As you know from Newsletter N150728.HTM Edward Vogel is on a Quest for finding all the 240 solutions of SOMA

Previous stories from Edward Vogel.
Newsletter 2015.07.28   Ed's Quest for all solutions, by Ed Vogel.
Newsletter 2014.11.26   Graph Theoretic Methods for SOMA, by Ed Vogel.
Newsletter 2002.06.21   World's Largest cardbox SOMA by Ed Vogel.




In 2015-10-14 Ed stumbled upon an article: "All solutions of the Soma cube puzzle by Christoph Peter-Orth". Maybe you find it interesting.
The original article is here     www.sciencedirect.com/science/article/pii/0012365X85901608     Or here on my mirror site.

This Quest now continues at an impressive rate.
But first let us take a look at how these puzzles are used:


This quest has led Ed to an immense number of puzzle combinations.
All these are documented in a huge spreadsheet - that you can get here:
Ed's Excel spreadsheet " BranchSpreadSheet7_241Question
BranchSpreadSheet7_241Question


Now let us look at a few of the branch spreadsheets. Then let Ed explain his ideas, and finally you may scroll through a huge number of photos showing SOMA.


BranchSpreadSheet42
BranchSpreadSheet42
BranchSpreadSheet11
BranchSpreadSheet11
BranchSpreadSheet39
BranchSpreadSheet39
Part of 'BoxingDayTree'
Part of 'BoxingDayTree'



So what went on with all these colored squares.? - I will let Ed explain the immense work.

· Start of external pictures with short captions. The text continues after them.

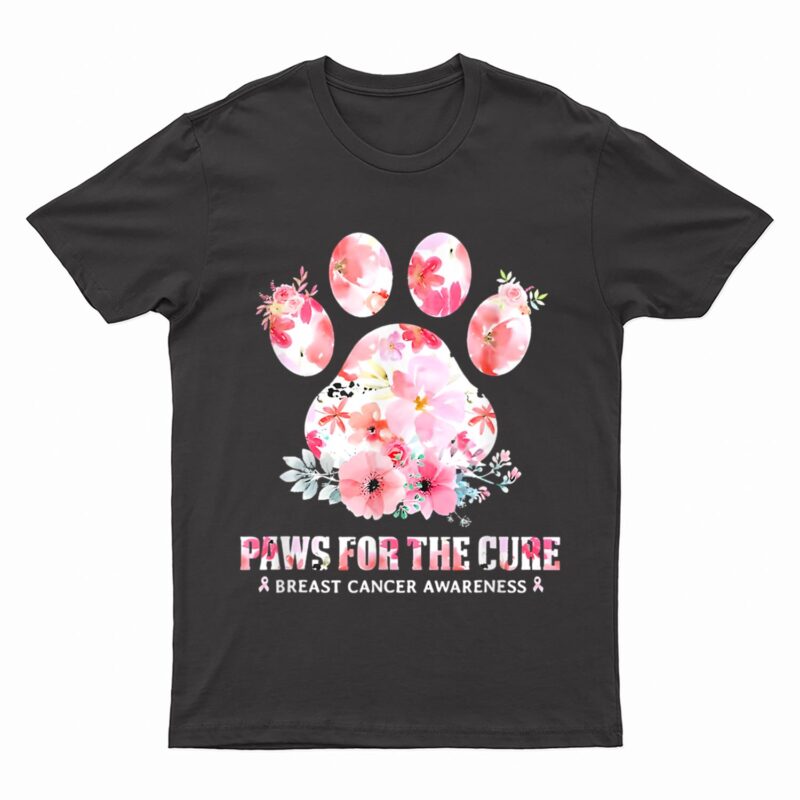 Floral Paws For He Cure Dog Cat Breast Cancer Awareness T-Shirt
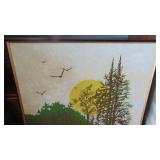Large Square Scenic Painted Picture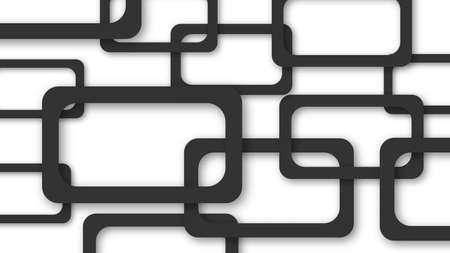 Abstract illustration of randomly arranged black rectangle frames with soft shadows on white backgroundのイラスト素材
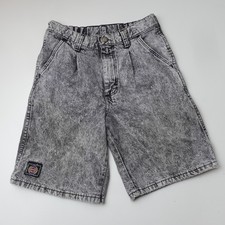 Vintage 90s Black Acid Wash Denim Jean Shorts Wrangler Sport Youth Size 14 26 x8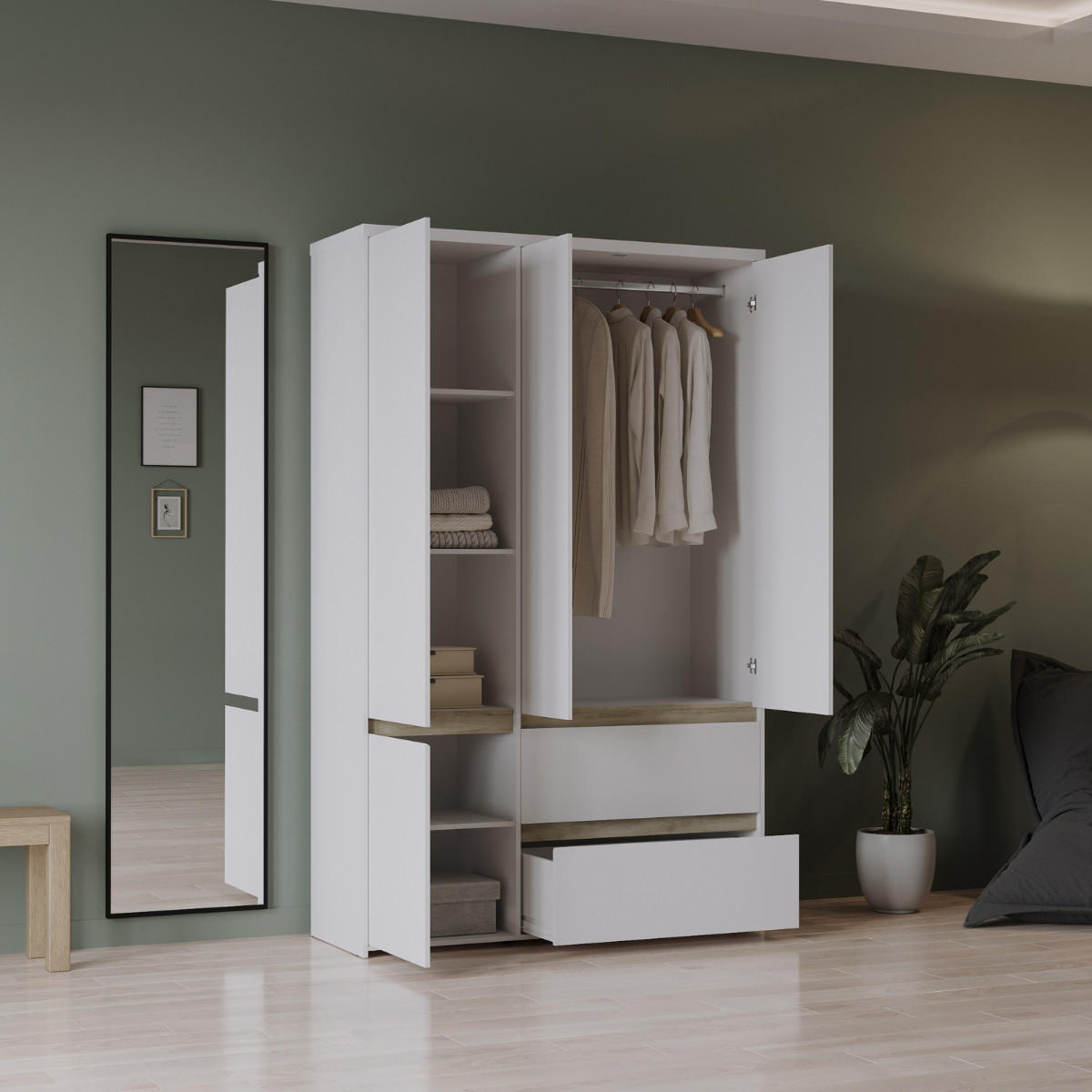 4-TÜRIGER Kleiderschrank mit 2 Schubladen in Eiche Kronberg Dekor und mattem Weiß 138,2/50/220,5 cm - Eschefarben, Holzwerkstoff (50/220.5/49.9cm) - Calicosy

2016-01-03 Topic: SOMA Cube Solutions Arranged from 42 Starting Positions

Hi Thorleif
I have successfully (I believe) found and documented the solutions to the cube puzzle by:
1. Locking the Tee in on position
2. Creating 42 starting positions from the combinations of the Tee and one of Helix pieces

Unfortunately I appear to have found 250.
I have checked for duplicate solutions three times and do not find any.> Does "unique solution" mean something more than I am understanding?> There are 58 solutions that share a rotation of the "L" and "Z" for instance. . . >

2016-01-03
Hi Ed
Thank you for the link to all your pictures, that is an impressive work you have done.

I would have expected that the pieces T+A would be a mirror of T+B though.

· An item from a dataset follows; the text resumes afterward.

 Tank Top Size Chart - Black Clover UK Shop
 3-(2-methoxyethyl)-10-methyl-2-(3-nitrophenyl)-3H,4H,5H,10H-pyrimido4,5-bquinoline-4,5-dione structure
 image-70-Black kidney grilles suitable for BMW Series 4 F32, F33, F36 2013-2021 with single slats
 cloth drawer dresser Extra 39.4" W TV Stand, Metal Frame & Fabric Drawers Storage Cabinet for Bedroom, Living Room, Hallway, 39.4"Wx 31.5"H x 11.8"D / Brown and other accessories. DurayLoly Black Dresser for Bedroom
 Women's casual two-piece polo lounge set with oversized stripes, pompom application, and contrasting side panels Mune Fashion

A unique solution is understood like this.
1. It cannot be a rotation of a known solution.
2. It cannot be a mirror image of a known solution.
    Because mirrors can be done by exchanging pieces A & B
    All other pieces are their own mirrorimage.

Remaining is of course the big task of compiling and describing it all in a manner that can be understood by others.
I imagine you could reduce the imageges, by taking representative selections


Fortunately for me Merv's work Newsletter 2015-10-08 translates easily into my color scheme.
This will ease my comparing the current accepted solution set of 240 to what I have come up with using a tree categorization method.

I am guessing my final format will be about twenty tabloid pages showing on or more tree graphs.
A single tree graph with 42 branches using a "readable" font size looks to be about 8 feet in diameter . . .

have the comparison done early next week. / Thanks for you interest and encouragement.


Hi Thorleif
Discovered that I am missing some of the combinations of the Tee and HelixBlue in my scheme.
I think then the reason I got 250 is that if I have all of the starting combinations of the Tee and HelixBlue I will find 480 solutions. . .

Not as simple a way to discover the solutions as I had hoped but it is I think a valid approach.
This is going to take a couple more weeks.


Hi Thorleif
I am continuing my quest to find all of the Soma cube solutions.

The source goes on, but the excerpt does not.